There could have been a much easier way for those photographers. All they had to do is jump on a sailboat and cruise to a spot in Indonesia, 27 miles south of the equator, and anchor near us. To photograph the birds, along with some cruising friends we simply woke up and by 5AM, dinghied ashore on the island of Gam, in Raja Ampat. From the beach, our guide signaled with a flashlight where to land and pull the dinghy onto the beach. With dim lamps strapped to our foreheads we could just keep from stumbling over shadowed tree roots and slippery rocks. There were 6 of us cruisers chugging our way up the steep, jungle enclosed, trail. It was a heart thumping, lung pumping climb but no one balked. There seemed not to be a competition to win but a competition not to be the first to fall behind, out of line, or ask for a break. I could hear our physically strong friend, who still smokes cigarettes puffing heavily at the humid morning air. We had to be at the blind before sunup at 6AM. In 45 minutes of tramping our shirts were soaked with sweat but relief was just ahead as we could see a clearing at the top of the mountain.
It was dark but the sky to the east was brightening. We had 15 minutes to settle in behind the canvas and brush blind before we would become silent, serious, bird watchers. I parked on a rough lumber plank set on log supports. With my camera resting on a solid tree branch, I had the perfect support for stability and rotation to follow the action to come.

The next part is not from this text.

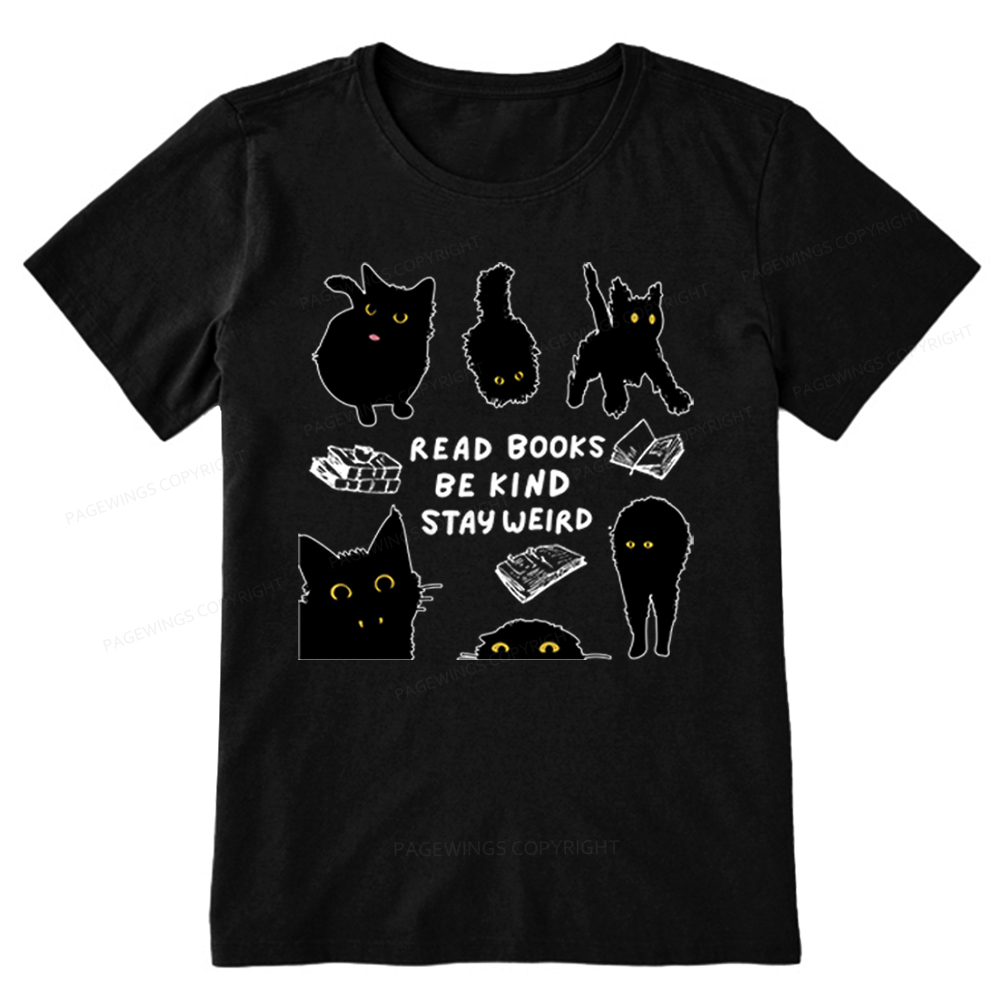 Pagewings Read Books Be Kind Stay Weird Unisex Classic T-shirt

With excited eyes and a mute voice, our guides outstretched arm tracked something in the trees to the east. In one area high and not quite over head, all the branches were void of leaves allowing a clear view through the limbs and out to the brightening sky beyond. What he saw no one else did. But in a few moments, what began as a flitting of a dim object across the opening, punctuated by a few bird sounds, was soon fueled by the brightening sky. Red Bird of Paradise soon made a racket of noise and whirled about the branches full in our view. It wasn't just one but many birds in a full on display of hopping, shimmying, fanning, dancing and all the things Birds of Paradise do for the game of "who gets the girl". All the bright males must have been exciting studs as there was nothing fussy or inhibiting about the girls. Everything quickly became a wild party of mix and match, swap and swap. 45 minutes later, with the sun full above the horizon, all the Red Bird of Paradise suddenly went home, and so did we. With only a 300mm lens, the images would need to be exploded to a grainy rendition but would be our scrap book memory of one of the most rare natural sightings we have witnessed while circling the world.
A week later at the island of Waigeo, Raja Ampat, Rebecca and I again made an early morning rise, but this time at 3AM and hiked nonstop for 2 hours high into the mountains of Sapokren. When we made it to the top, Rebeca wondered how she would ever make it back down again - it was an arduous and fast hike to get there on time. This time we were hidden from view from the Wilson Bird of Paradise. The colorful male bird clears an area of ground free of branches and leaves for his stage show to lure in an attractive lady. Males came and went but only one did his Chip And Dale Routine, and only briefly. I almost got the picture of a life time but without a steadying branch or tripod to rest the camera, it is an amateurish blur. So close to such an incredible picture! If I were a professionally motivated photographer, it would have been so easy to spend more mornings in this spot and get the National Geographic quality image even with my stunted camera lens. But there will be more animals, more sights and more photo practice as we continue through Indonesia.
Indonesia has proved to be one of our favorite cruising grounds. In part it is so good because it is not visited by masses of cruising boats which inundate more traditional areas like Vanuatu and the Solomon Islands.